CVE-2026-43077 Overview
CVE-2026-43077 is a Linux kernel vulnerability in the algif_aead AEAD (Authenticated Encryption with Associated Data) socket interface of the kernel crypto subsystem. The minimum receive buffer size check did not account for the authentication tag length during decryption operations. The fix adds the required extra length to the minimum RX size validation. The patch is distributed across multiple stable kernel branches via several upstream commits.
Critical Impact
Insufficient buffer size validation in the kernel AEAD socket interface can lead to incorrect decryption handling when the receive buffer is undersized relative to the tag length.
Affected Products
- Linux kernel (mainline and stable trees containing the algif_aead crypto user API)
- Specific affected ranges are defined by the upstream stable commits referenced below
- Distribution kernels that ship algif_aead and have not yet picked up the backported fix
Discovery Timeline
- 2026-05-06 - CVE-2026-43077 published to NVD
- 2026-05-06 - Last updated in NVD database
Technical Details for CVE-2026-43077
Vulnerability Analysis
The vulnerability resides in algif_aead, the AF_ALG kernel module that exposes the kernel's AEAD ciphers to userspace through socket operations. AEAD algorithms produce ciphertext plus an authentication tag during encryption and require both inputs during decryption. The receive-side buffer size check in the decryption path did not include the tag length when validating the minimum required buffer.
As a result, the kernel could accept a receive buffer that is smaller than the actual plaintext-plus-tag accounting requires.
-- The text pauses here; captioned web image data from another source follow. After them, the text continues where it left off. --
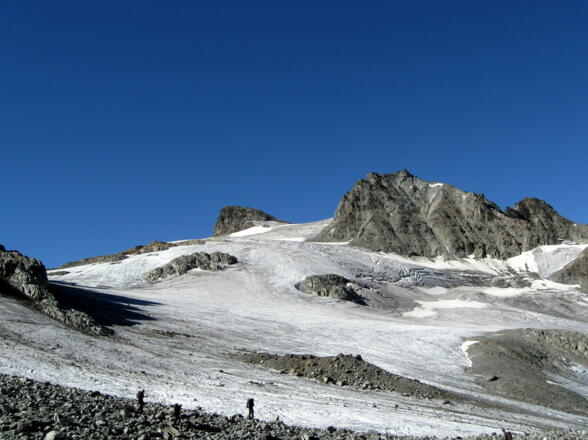 Die Hintere und Vordere Jamspitze vom Rußkopf aufgenommen.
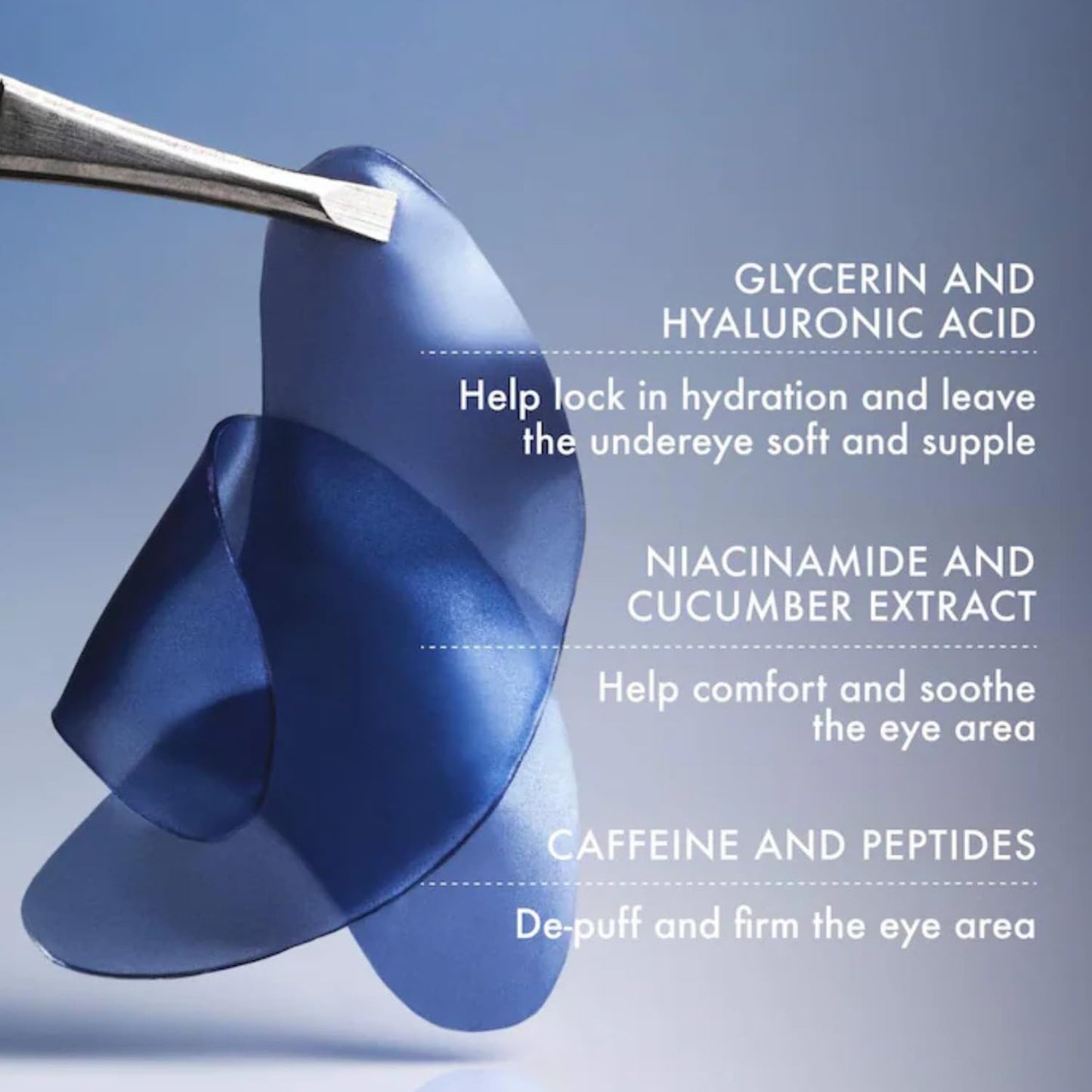 Summer Fridays Jet Lag Under Eye Patches, 6 Pairs – Hydrating & Depuffing Hydrogel Masks with Caffeine & Peptides for Bright Eyes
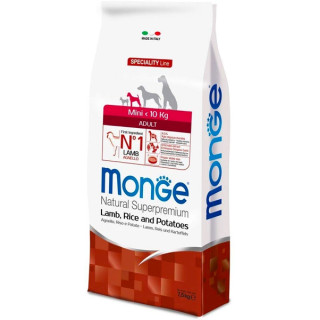 Monge Natural Superpremium Mini Adult Monoprotein Agnello con Riso e Patate 7,5 kg
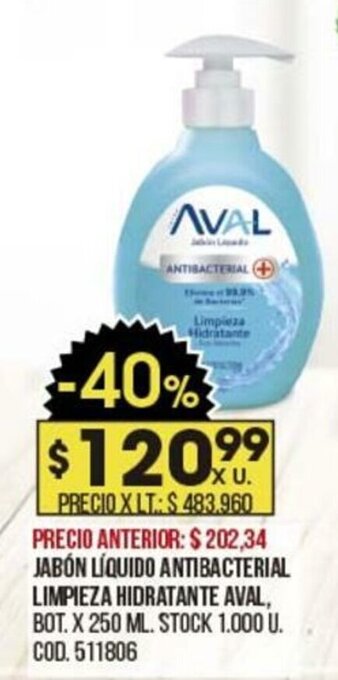 Coto Jabón Líquido Antibacterial Limpieza Hidratante Aval oferta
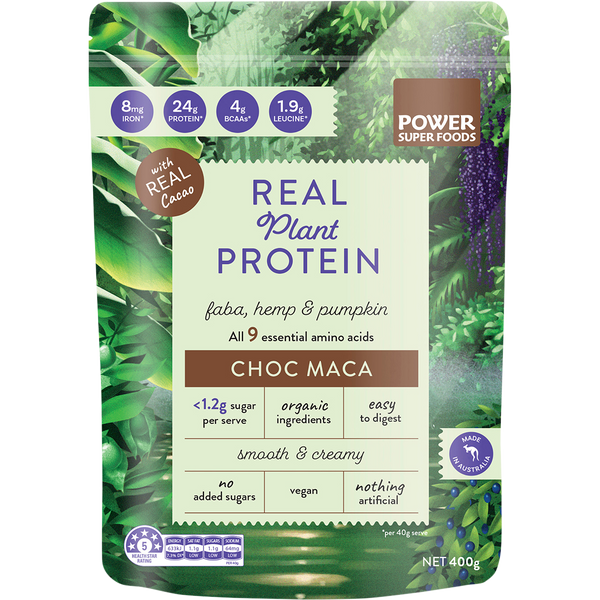 Power Super Foods Real Plant Protein Choc Maca – 400g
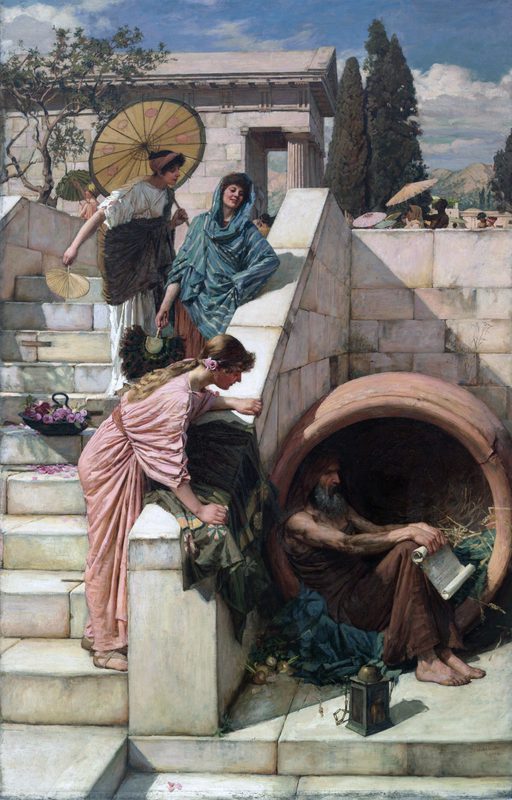 Diogenes by John William Waterhouse, 1882.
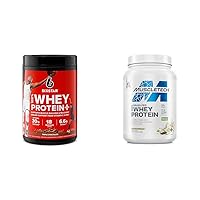 Elite 100% Whey Protein Plus Triple Chocolate 1.8lbs and MuscleTech Grass Fed Whey Protein Powder Deluxe Vanilla 1.8 lbs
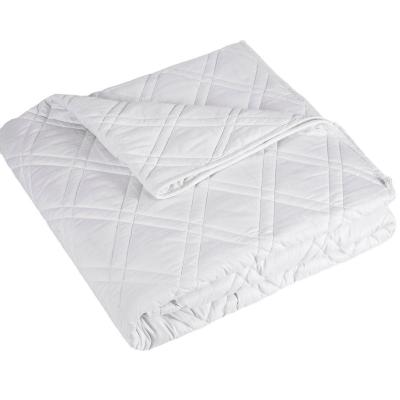 China Anti-bacteria Glass Beads Custom Weighted Cotton Double Side Blanket Blanket for sale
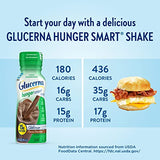 Glucerna Hunger Smart Shake, Diabetic Drink, Blood Sugar Management, 15g Protein, 180 Calories, Classic Chocolate, 10-fl-oz Bottle, 24 Count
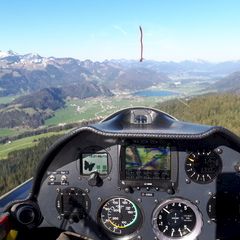 Flugwegposition um 15:21:47: Aufgenommen in der Nähe von Gemeinde Ebbs, Ebbs, Österreich in 1266 Meter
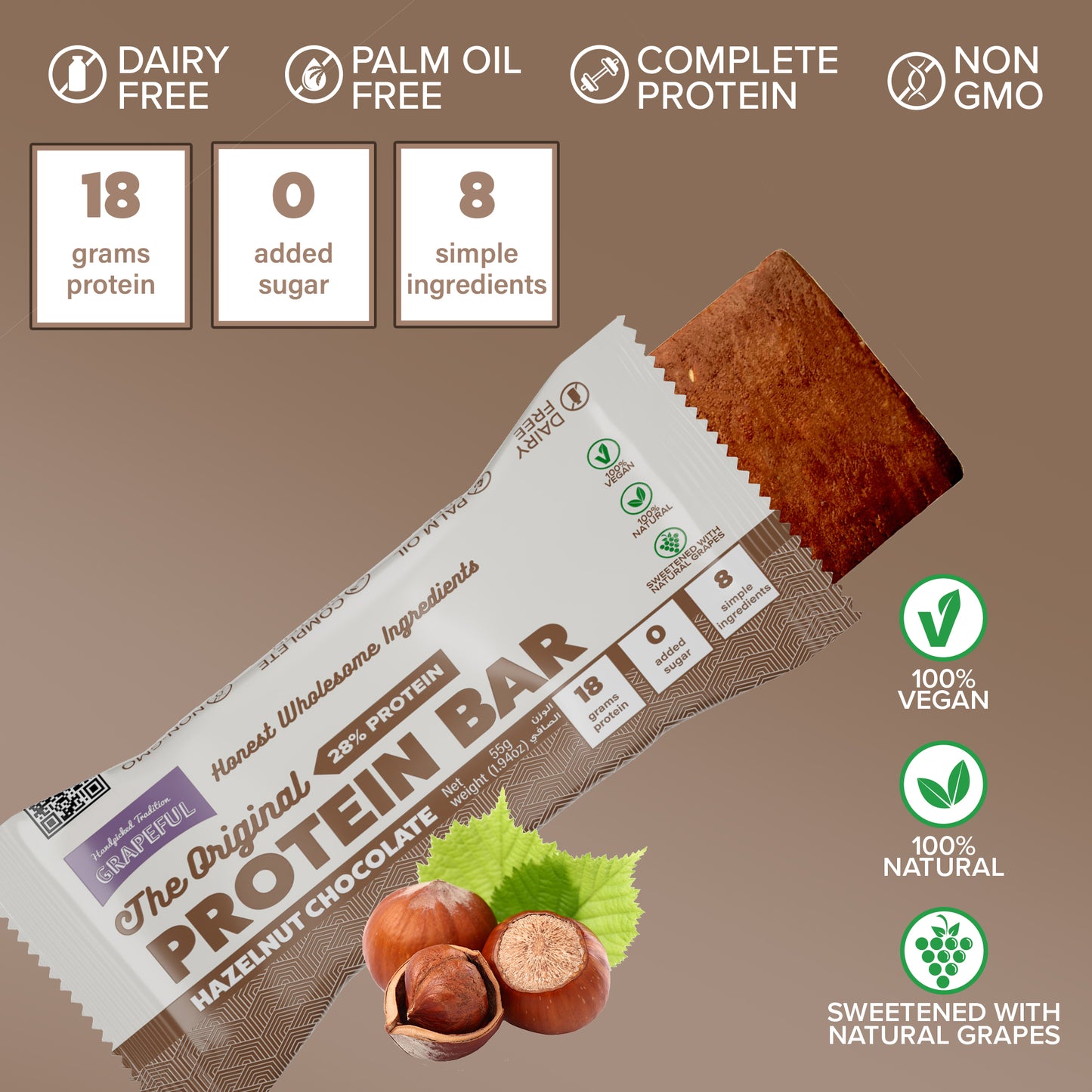 Protein Bar | Chocolate Hazelnut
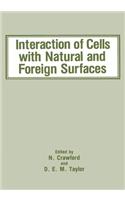 Interaction of Cells with Natural and Foreign Surfaces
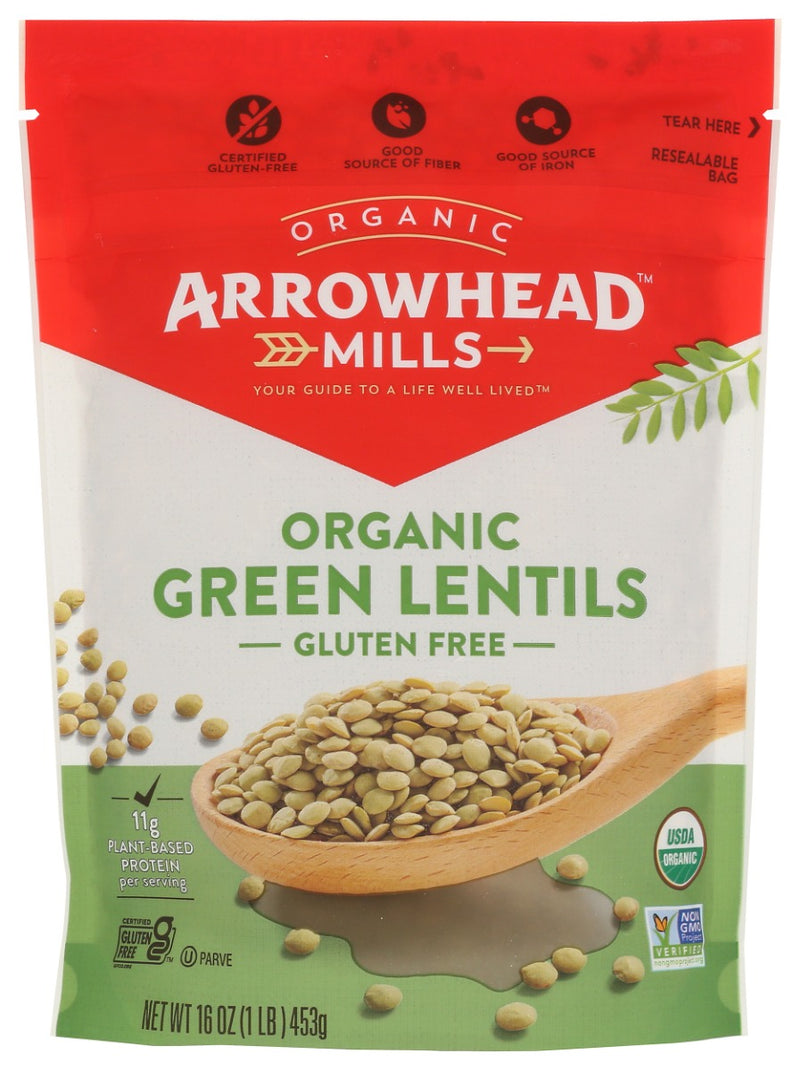 When combined with rice you get a complete protein. Enjoy our Organic Green Lentils with Arrowhead Mills Brown Rice in a casserole or season with garlic and onions for a tasty side dish. Great for soups and mashing into patties.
The fix adds the missing tag length to the minimum size calculation, ensuring algif_aead rejects undersized buffers before processing decryption requests.
Root Cause
The root cause is an Input Validation Error in the boundary check applied to the user-supplied receive buffer. The original logic compared the buffer size against the expected plaintext length without adding the tag size that AEAD decryption requires. This is a missing-length-component bug in size accounting rather than a memory-corruption primitive in the cryptographic transform itself.
Attack Vector
Exploitation requires local access to a system where a process can open an AF_ALG socket and bind it to an AEAD algorithm. A local user issues recvmsg() on the socket with a buffer that lacks the additional tag-length headroom. Without the corrected check, the decryption path proceeds with insufficient receive space accounting. The fix is contained to the algif_aead size validation and does not change the AEAD transform contract.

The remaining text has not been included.